Some fear that could be starting to happen.
In late January, Islamic State carried out one of its deadliest attacks against the Iraqi army for years, killing 11 soldiers in a town near Jalawla, according to security sources.
The same day, its militants stormed a prison in Syria under the control of U.S.-backed Kurdish militia in an attempt to free inmates loyal to the group.
It was the biggest attack by Islamic State since the collapse of its self-declared caliphate in 2019. At least 200 prison inmates and militants were killed, as well as 40 Kurdish troops, 77 prison guards and four civilians.
Officials and residents in northern Iraq and eastern Syria lay much of the blame on rivalries between armed groups. When Iraqi, Syrian, Iranian and U.S.-led forces declared Islamic State beaten, they faced off against each other across the territory it had ruled.
Now Iran-backed militias attack U.S. forces. Turkish forces bomb Kurdish separatist militants.
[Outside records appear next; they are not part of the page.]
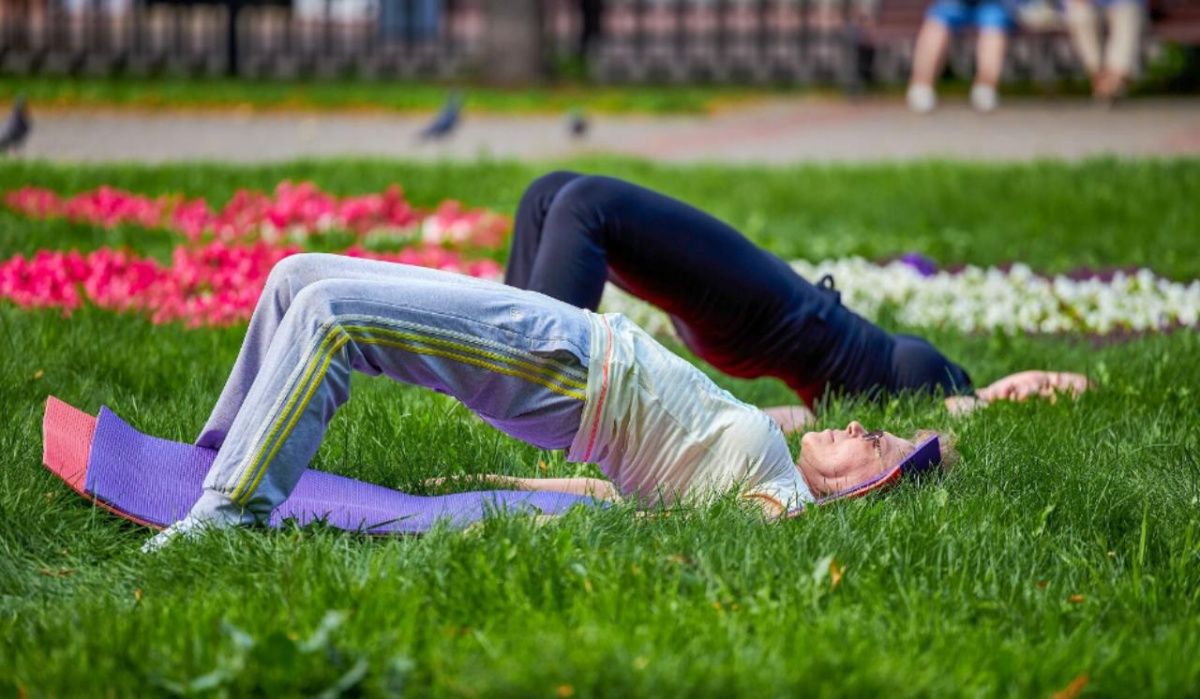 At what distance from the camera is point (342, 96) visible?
1530cm

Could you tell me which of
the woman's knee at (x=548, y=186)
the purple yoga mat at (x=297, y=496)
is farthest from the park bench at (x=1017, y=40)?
the purple yoga mat at (x=297, y=496)

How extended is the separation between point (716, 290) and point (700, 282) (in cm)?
5

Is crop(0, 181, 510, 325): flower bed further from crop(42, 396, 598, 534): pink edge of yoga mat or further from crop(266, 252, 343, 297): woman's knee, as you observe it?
crop(266, 252, 343, 297): woman's knee

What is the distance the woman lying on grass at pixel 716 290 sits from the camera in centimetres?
398

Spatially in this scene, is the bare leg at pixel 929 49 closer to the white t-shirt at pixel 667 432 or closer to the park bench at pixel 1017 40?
the park bench at pixel 1017 40

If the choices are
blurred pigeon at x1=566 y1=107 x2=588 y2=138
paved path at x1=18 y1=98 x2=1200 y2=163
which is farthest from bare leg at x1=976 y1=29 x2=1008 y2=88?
blurred pigeon at x1=566 y1=107 x2=588 y2=138

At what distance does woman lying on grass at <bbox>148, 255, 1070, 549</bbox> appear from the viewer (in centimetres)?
301

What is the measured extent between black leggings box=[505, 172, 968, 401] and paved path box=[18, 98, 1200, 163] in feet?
19.5

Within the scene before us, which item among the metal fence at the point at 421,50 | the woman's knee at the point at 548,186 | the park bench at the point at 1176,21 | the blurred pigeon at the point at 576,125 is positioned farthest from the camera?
the metal fence at the point at 421,50

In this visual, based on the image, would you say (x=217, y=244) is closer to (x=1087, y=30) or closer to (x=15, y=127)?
(x=15, y=127)

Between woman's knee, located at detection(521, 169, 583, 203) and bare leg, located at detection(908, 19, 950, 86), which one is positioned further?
bare leg, located at detection(908, 19, 950, 86)

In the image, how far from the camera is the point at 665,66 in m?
18.2

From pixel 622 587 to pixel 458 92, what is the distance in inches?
542

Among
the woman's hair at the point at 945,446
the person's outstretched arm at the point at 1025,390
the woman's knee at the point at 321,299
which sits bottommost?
the person's outstretched arm at the point at 1025,390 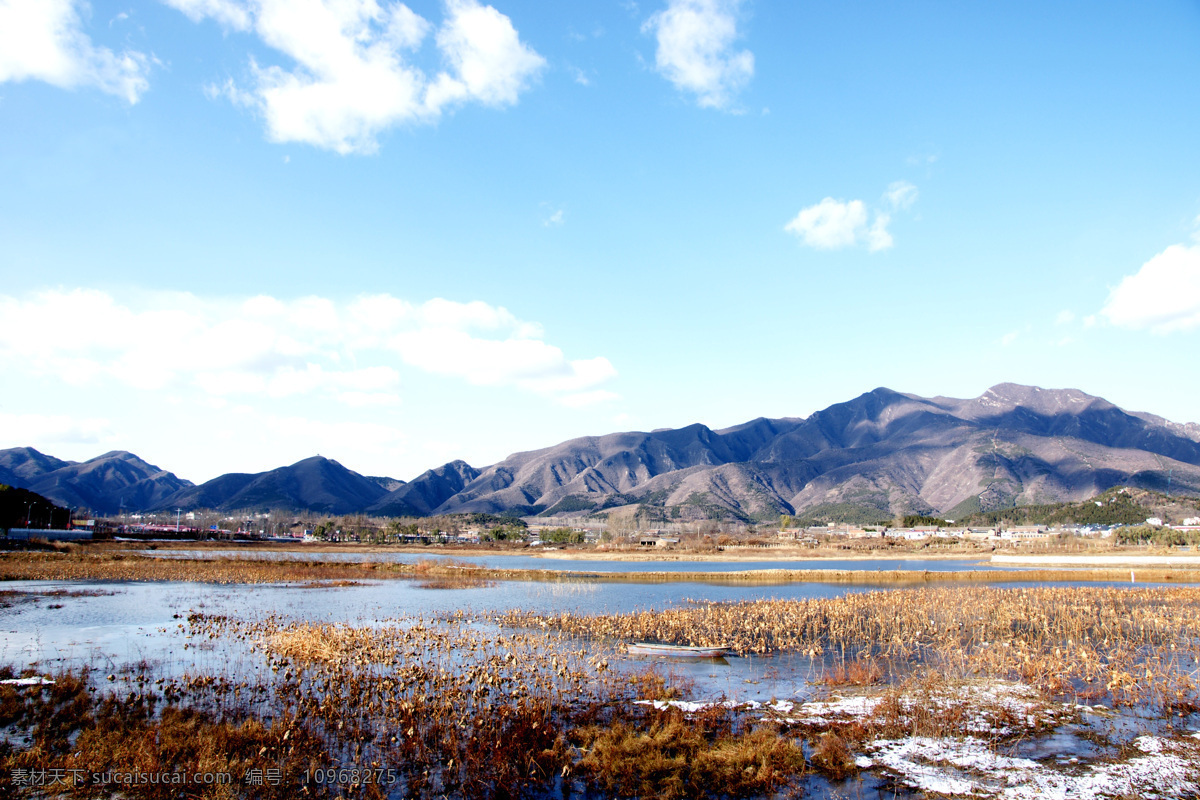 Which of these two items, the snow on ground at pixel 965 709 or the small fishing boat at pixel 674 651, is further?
the small fishing boat at pixel 674 651

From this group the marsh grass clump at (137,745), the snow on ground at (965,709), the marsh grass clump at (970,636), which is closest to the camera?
the marsh grass clump at (137,745)

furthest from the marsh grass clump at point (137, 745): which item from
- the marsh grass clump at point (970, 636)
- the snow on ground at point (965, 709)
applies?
the marsh grass clump at point (970, 636)

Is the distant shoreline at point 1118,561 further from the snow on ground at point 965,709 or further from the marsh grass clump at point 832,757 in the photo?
the marsh grass clump at point 832,757

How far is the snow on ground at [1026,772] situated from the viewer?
42.5 ft

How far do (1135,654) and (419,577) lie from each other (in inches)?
2508

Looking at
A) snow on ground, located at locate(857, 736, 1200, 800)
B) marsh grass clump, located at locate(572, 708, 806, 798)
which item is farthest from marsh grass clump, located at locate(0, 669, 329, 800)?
snow on ground, located at locate(857, 736, 1200, 800)

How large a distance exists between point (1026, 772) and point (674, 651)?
14.7 m

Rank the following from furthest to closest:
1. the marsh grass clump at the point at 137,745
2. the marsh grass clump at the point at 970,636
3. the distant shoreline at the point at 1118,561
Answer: the distant shoreline at the point at 1118,561 < the marsh grass clump at the point at 970,636 < the marsh grass clump at the point at 137,745

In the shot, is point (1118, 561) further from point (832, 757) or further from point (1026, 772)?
point (832, 757)

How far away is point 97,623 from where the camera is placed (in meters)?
32.7

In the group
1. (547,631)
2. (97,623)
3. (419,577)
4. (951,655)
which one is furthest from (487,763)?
(419,577)

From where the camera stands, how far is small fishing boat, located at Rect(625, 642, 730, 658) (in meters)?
27.0

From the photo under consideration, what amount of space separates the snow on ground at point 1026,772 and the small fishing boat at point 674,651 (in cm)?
1186

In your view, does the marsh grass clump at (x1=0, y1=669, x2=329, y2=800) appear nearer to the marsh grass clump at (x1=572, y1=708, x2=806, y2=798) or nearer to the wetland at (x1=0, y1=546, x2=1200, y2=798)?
the wetland at (x1=0, y1=546, x2=1200, y2=798) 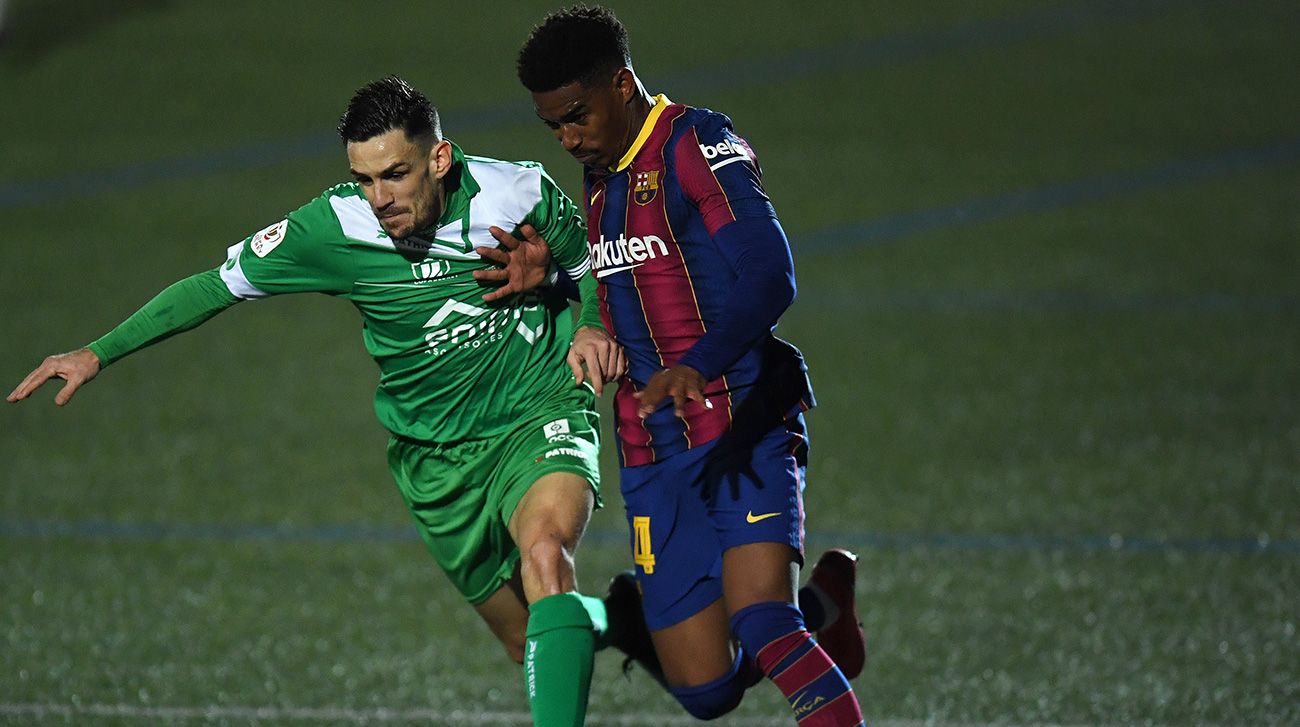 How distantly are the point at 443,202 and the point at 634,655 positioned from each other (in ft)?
5.09

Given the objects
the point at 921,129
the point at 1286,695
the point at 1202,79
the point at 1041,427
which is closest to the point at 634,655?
the point at 1286,695

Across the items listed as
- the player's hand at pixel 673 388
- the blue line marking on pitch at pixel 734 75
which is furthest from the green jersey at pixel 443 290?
the blue line marking on pitch at pixel 734 75

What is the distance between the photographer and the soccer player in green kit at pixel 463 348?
4.63 meters

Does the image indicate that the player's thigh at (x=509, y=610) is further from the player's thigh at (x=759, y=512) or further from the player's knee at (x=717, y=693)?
the player's thigh at (x=759, y=512)

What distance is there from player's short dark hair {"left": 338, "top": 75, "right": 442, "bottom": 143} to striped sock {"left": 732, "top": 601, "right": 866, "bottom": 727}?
5.13 feet

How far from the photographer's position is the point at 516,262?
4.98m

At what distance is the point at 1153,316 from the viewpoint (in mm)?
11164

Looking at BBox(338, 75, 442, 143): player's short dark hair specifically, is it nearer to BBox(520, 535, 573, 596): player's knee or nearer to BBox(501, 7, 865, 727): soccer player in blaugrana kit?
BBox(501, 7, 865, 727): soccer player in blaugrana kit

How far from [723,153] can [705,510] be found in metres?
0.99

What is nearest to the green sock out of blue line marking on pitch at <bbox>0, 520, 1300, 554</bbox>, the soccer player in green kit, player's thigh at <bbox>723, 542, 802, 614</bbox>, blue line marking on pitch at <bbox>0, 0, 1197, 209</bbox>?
the soccer player in green kit

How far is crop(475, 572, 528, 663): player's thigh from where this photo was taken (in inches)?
209

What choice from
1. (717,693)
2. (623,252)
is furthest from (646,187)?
(717,693)

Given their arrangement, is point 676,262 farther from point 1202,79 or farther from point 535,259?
point 1202,79

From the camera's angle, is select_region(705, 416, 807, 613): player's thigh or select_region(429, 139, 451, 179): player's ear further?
select_region(429, 139, 451, 179): player's ear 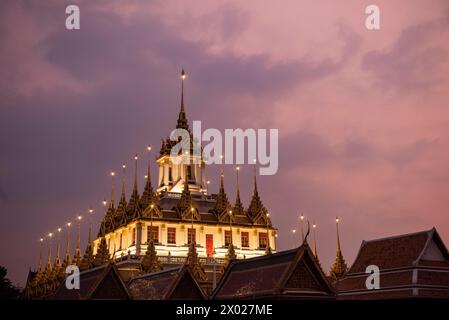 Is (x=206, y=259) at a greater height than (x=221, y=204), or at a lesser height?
lesser

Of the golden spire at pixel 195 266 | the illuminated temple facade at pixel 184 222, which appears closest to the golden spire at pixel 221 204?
the illuminated temple facade at pixel 184 222

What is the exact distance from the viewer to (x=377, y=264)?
3456 centimetres

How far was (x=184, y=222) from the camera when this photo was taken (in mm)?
79312

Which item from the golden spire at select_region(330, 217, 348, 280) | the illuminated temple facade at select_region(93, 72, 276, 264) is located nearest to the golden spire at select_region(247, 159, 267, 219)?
the illuminated temple facade at select_region(93, 72, 276, 264)

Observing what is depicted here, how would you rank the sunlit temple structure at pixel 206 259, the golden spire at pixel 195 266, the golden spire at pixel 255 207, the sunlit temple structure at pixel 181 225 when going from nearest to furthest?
A: 1. the sunlit temple structure at pixel 206 259
2. the golden spire at pixel 195 266
3. the sunlit temple structure at pixel 181 225
4. the golden spire at pixel 255 207

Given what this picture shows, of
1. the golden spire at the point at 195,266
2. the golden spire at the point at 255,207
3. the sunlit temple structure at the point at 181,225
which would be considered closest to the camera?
the golden spire at the point at 195,266

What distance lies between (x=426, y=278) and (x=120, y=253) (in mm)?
54963

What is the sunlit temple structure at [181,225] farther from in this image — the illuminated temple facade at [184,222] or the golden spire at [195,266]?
the golden spire at [195,266]

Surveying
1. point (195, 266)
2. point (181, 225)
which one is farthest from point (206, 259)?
point (195, 266)

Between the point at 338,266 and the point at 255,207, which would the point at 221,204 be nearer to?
the point at 255,207

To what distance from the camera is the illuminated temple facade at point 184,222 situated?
77062 mm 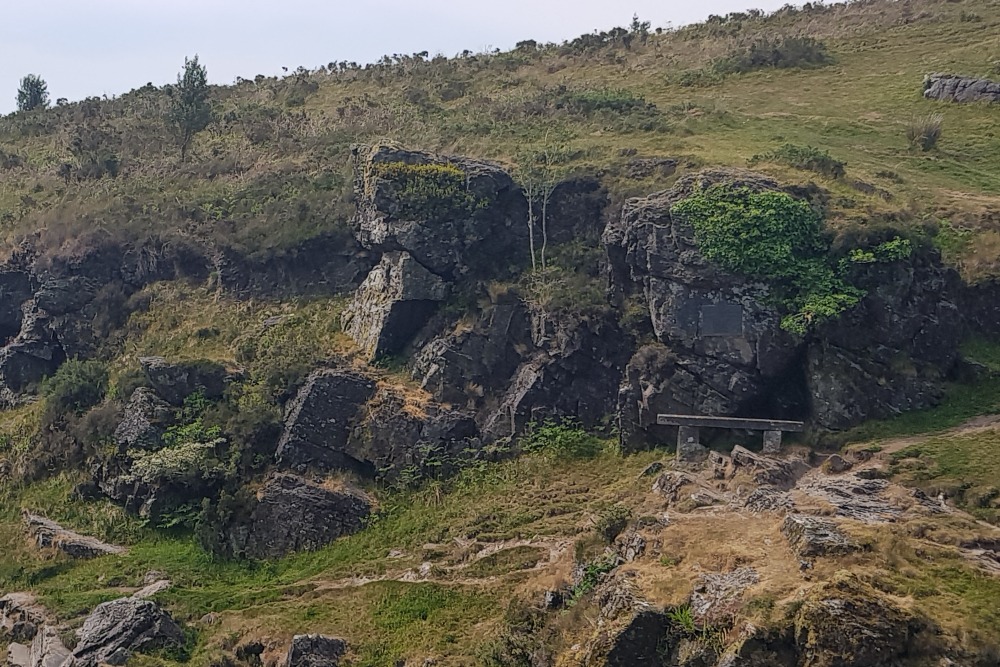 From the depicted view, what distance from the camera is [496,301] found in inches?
1054

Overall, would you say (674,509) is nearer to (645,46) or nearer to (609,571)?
(609,571)

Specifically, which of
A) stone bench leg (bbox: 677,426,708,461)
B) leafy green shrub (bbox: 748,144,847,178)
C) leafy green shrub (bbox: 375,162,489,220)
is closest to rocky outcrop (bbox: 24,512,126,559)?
leafy green shrub (bbox: 375,162,489,220)

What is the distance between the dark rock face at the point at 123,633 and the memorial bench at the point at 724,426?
11808 millimetres

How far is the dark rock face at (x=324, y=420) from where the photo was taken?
80.9 feet

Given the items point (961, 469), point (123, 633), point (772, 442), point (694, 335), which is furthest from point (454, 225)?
point (961, 469)

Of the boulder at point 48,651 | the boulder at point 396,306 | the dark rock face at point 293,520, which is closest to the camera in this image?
the boulder at point 48,651

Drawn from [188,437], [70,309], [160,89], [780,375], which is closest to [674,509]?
[780,375]

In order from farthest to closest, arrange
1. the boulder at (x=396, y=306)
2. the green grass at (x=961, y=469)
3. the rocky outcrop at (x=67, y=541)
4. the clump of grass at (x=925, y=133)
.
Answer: the clump of grass at (x=925, y=133) < the boulder at (x=396, y=306) < the rocky outcrop at (x=67, y=541) < the green grass at (x=961, y=469)

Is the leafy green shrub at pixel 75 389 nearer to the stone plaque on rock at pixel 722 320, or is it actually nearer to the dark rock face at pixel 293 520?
the dark rock face at pixel 293 520

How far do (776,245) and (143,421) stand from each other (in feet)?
57.7

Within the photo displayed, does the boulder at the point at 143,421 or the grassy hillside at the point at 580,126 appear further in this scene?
the grassy hillside at the point at 580,126

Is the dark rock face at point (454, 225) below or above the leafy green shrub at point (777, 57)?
below

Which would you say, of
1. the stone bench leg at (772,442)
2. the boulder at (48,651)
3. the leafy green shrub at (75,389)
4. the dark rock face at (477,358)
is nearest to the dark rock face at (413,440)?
the dark rock face at (477,358)

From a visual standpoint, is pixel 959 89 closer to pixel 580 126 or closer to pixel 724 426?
pixel 580 126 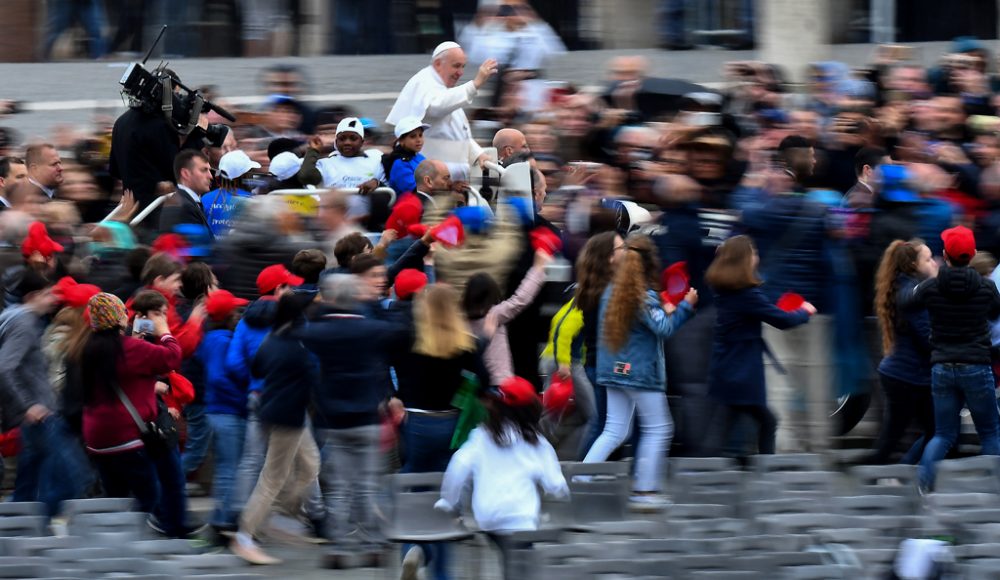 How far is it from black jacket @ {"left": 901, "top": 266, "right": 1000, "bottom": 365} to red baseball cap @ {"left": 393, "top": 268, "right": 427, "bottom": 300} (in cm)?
281

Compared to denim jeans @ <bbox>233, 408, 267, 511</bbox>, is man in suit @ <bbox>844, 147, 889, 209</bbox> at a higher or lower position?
higher

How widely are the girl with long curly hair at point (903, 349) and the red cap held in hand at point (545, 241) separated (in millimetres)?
1888

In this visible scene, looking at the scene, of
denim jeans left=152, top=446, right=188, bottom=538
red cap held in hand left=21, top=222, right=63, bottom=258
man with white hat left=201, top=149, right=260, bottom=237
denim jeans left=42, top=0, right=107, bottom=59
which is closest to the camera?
denim jeans left=152, top=446, right=188, bottom=538

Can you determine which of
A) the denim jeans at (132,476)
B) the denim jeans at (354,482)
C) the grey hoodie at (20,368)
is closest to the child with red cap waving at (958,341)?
the denim jeans at (354,482)

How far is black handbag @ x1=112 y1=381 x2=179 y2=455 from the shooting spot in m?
9.57

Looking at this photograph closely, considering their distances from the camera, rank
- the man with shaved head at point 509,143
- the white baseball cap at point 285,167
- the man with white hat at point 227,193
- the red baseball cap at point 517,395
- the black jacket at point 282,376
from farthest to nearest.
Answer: the man with shaved head at point 509,143
the white baseball cap at point 285,167
the man with white hat at point 227,193
the black jacket at point 282,376
the red baseball cap at point 517,395

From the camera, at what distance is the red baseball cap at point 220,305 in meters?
10.1

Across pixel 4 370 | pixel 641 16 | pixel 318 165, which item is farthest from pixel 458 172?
pixel 641 16

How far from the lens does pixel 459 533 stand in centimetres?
854

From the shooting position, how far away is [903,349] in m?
10.8

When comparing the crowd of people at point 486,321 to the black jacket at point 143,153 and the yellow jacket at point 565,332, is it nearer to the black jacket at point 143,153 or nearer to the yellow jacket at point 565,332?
the yellow jacket at point 565,332

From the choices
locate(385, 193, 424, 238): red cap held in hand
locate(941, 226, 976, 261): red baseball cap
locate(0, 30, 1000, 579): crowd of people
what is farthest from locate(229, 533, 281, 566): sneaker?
locate(941, 226, 976, 261): red baseball cap

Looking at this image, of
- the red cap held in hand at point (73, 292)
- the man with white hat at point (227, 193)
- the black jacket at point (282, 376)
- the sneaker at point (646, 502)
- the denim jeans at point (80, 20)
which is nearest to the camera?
the sneaker at point (646, 502)

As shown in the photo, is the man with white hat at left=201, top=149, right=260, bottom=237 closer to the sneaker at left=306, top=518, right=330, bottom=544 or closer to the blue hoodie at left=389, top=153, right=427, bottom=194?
the blue hoodie at left=389, top=153, right=427, bottom=194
A territorial dispute rumbles on between Baghdad and Iraq’s autonomous Kurdish region.
The tensions are undermining security and good governance, causing confusion that Islamic State once thrived on.
For Ibrahim, that means crossing checkpoints manned variously by Iraqi soldiers and Shi’ite Muslim paramilitaries to get to work in a town controlled until a few years ago by Kurds.
The remote farmland between each military outpost is where Islamic State militants hide out, according to local officials.
A similar pattern plays out across the 400-mile corridor of mountains and desert through northern Iraq and into Syria where Islamic State once dominated.
Towns like Jalawla bear the scars of fierce fighting five or so years ago – buildings reduced to rubble and scarred with bullet holes. Banners honouring slain commanders from different armed groups jostle for space in town squares.